The Environment of British Columbia

British Columbia's geography, economy, and politics have profoundly affected the province's educational life and location of its universities and colleges. B.C. is a vast, topographically and climatically complex region whose physical extremes have contributed greatly to a persistent "frontier" quality in B.C. society; to the homogeneity, isolation, and self-reliance of hinterland communities; and to a notable division between metropolitan and rural allegiances (Robin, 1978; Ellis & Mugridge, 1983). It is also a rapidly growing province. The population trebled after World War II, reaching 2.7 million by 1981. People have concentrated in the southern part of B.C.; by the 1980s, some 54% lived in the Lower Mainland and another 18% on Vancouver Island (Barman, 1991). One consequence has been a geographic polarization of political views, with hinterland people resenting Lower Mainland "economic parasites" who preyed on those in the less developed areas while generating little wealth themselves (Barman, 1991, pp. 293–294). Such views have strongly influenced government sensitivities to the demands of voters in non-metropolitan areas. City growth also stimulated protests about urban sprawl. Decentralization and regional growth became popular political policies in the 1970s (Hardwick, 1974; Miller, 1975).
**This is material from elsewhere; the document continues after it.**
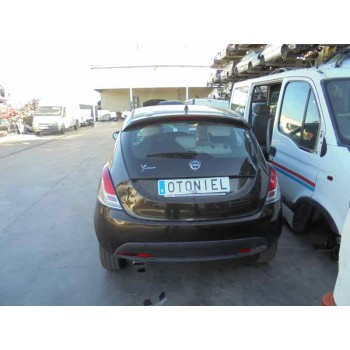 lancia ypsilon (402) del año 2013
The distinctive nature of B.C. politics is one key to understanding why OLI was created and its intended mission. The moderately left-wing New Democratic Party (NDP) has consistently enjoyed almost half the popular vote since World War II, in contrast to its third party status in federal politics. The NDP has been closely aligned with a strongly-organized labour movement in the cities and company towns, and with professionals, intellectuals, and civil servants (Harris, 1987). Its chief rival, the Social Credit Party, was populist, fiercely pro-free-enterprise, and often unpredictable. It was also remarkably successful at the ballot box, holding power almost continuously from 1952 to 1991 (the NDP governed from 1972– 1975). This was partly due to persistent gerrymandering in favour of rural constituencies and to the Social Credit Party's (Socred) populist emphasis on unbridled economic development. Education, health, and social welfare came a poor second to the establishment of technical and physical infrastructures to aid free enterprise and to encourage tertiary and service industries (Robin, 1965; Barman, 1991). Human capital and equity arguments pervading other Canadian governments by the mid-1960s came only slowly to the Socreds because of their overwhelming emphasis on free enterprise, in which success was reckoned in financial terms and achieved through individual efforts.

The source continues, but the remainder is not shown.